▶ [Problem to work on] Only the lines from the line containing "Look here on" through the final line of the entries should be printed, exactly as given, with the pictures left out.

START Raw data

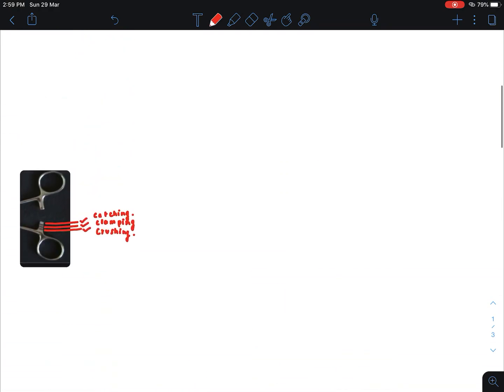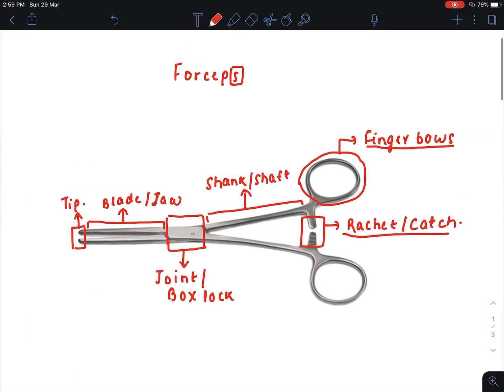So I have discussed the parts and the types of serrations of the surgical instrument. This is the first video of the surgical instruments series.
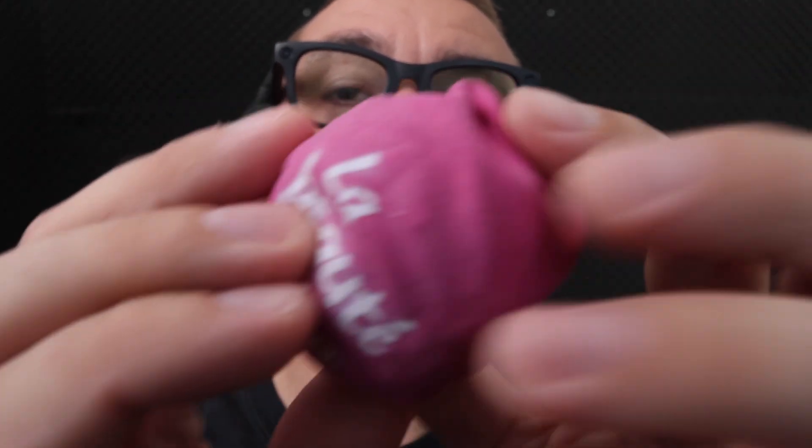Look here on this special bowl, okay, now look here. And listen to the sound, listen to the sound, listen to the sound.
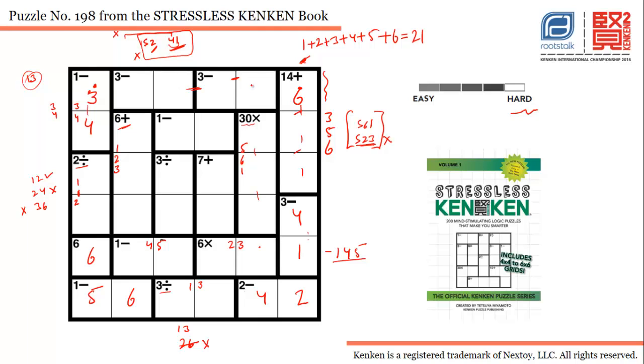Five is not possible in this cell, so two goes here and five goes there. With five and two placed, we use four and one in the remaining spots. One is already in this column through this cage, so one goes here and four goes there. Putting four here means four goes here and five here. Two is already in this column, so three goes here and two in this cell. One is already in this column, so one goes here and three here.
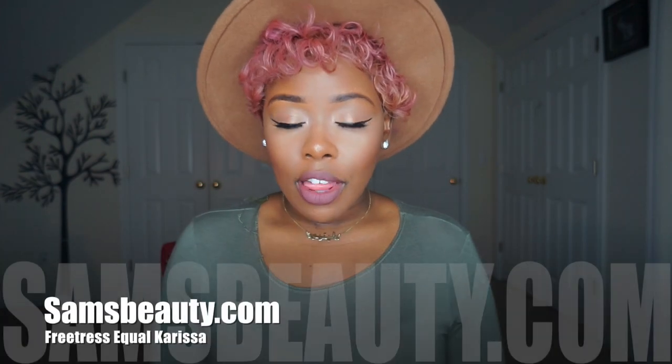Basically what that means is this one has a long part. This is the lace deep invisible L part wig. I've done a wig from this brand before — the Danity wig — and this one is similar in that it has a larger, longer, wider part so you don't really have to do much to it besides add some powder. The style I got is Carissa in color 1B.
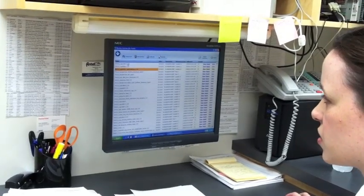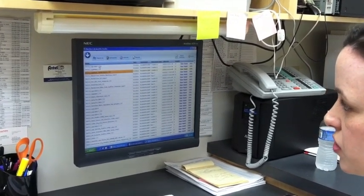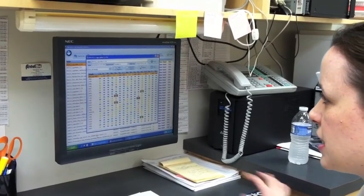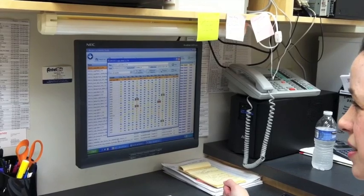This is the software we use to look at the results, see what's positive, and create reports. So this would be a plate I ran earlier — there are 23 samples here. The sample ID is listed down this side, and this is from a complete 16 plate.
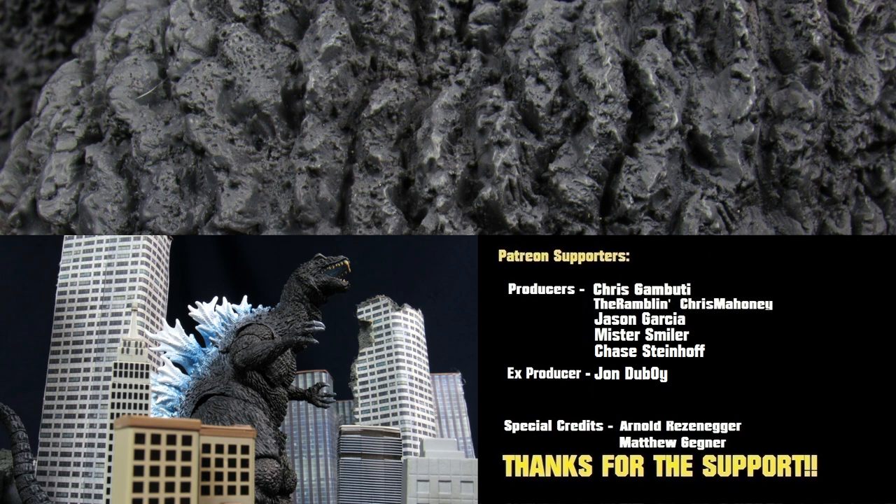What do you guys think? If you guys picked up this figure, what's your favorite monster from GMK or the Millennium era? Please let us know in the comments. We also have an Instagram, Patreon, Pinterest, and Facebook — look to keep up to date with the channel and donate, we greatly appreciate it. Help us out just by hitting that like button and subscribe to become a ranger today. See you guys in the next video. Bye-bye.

END Raw data

▶ [Output below]
Look here on this special bowl, okay, now look here. And listen to the sound, listen to the sound, listen to the sound.
Five is not possible in this cell, so two goes here and five goes there. With five and two placed, we use four and one in the remaining spots. One is already in this column through this cage, so one goes here and four goes there. Putting four here means four goes here and five here. Two is already in this column, so three goes here and two in this cell. One is already in this column, so one goes here and three here.
Basically what that means is this one has a long part. This is the lace deep invisible L part wig. I've done a wig from this brand before — the Danity wig — and this one is similar in that it has a larger, longer, wider part so you don't really have to do much to it besides add some powder. The style I got is Carissa in color 1B.
This is the software we use to look at the results, see what's positive, and create reports. So this would be a plate I ran earlier — there are 23 samples here. The sample ID is listed down this side, and this is from a complete 16 plate.
What do you guys think? If you guys picked up this figure, what's your favorite monster from GMK or the Millennium era? Please let us know in the comments. We also have an Instagram, Patreon, Pinterest, and Facebook — look to keep up to date with the channel and donate, we greatly appreciate it. Help us out just by hitting that like button and subscribe to become a ranger today. See you guys in the next video. Bye-bye.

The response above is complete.